The near collision last week between a US warship and a Chinese destroyer in the Spratlys was more than two naval powers playing cat and mouse on the high sea. The incident came hot on the heels of Trump and Pence accusing China of meddling in US midterm elections, America slapping sanctions on China’s defence procurement unit and its head for buying S-400 air defense system from Russia, wild allegations that China interned more than one million Uighur Muslims in Xinjiang, and the intensifying Sino-American trade war.

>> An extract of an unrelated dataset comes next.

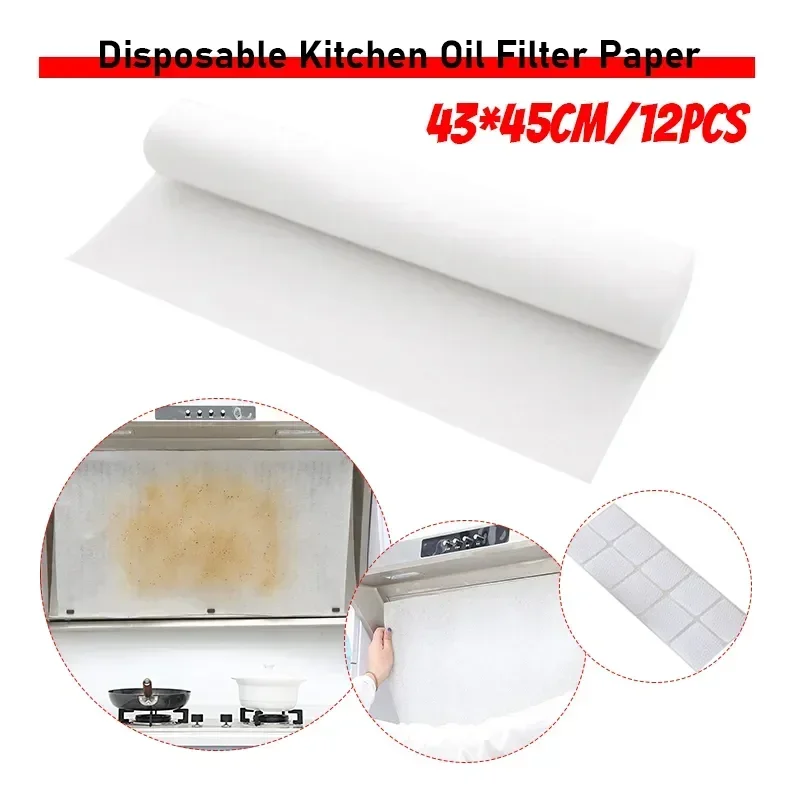 Disposable Kitchen Oil Filter Paper Cooker Hood Filter Non-woven Anti Oil Cotton Filters Extractor Fan Protection 12pcs 43x45cm
Disposable Kitchen Oil Filter Paper Cooker Hood Filter Non-woven Anti Oil Cotton Filters Extractor Fan Protection 12pcs 43x45cm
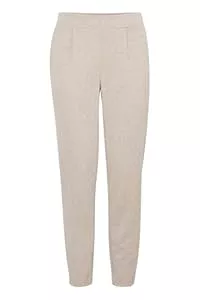 ICHI  ICHI IHKATE Jacquard Damen Hose Stoffhose mit Eingrifftaschen Paspeltaschen Gummizug leicht elastisch Regular fit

Such vitriol coming thick and fast from Washington perturbs and angers Beijing, even though China was the preferred scapegoat and whipping boy in past American hustings. What is different this time round is the total and full-frontal assault on the People’s Republic since the National Security Strategy report in December last year named Beijing, along with Moscow, as the foremost threats and adversaries to Washington. Already, the venom and viciousness spouted by Washington against China in recent weeks have far surpassed that directed at Russia.
America’s Unipolar Moment was well and truly over when Russia regained Crimea after the US-orchestrated coup against the democratically-elected Ukrainian President Viktor Yanukovych in 2014. Cold War 2.0 began in earnest when Moscow sent troops to Syria in September 2015 at the request of President Assad to help Damascus fight against ISIS terrorists sponsored, trained and armed by the US. The new Cold War expanded to include China late last year after the National Security Strategy report.
It’s against such backdrop and in such geopolitical context that the recent incident in the Spratlys should be viewed. China’s patience and tolerance with almost monthly freedom of navigation patrols or FONP by the American Navy has been tested to the limit.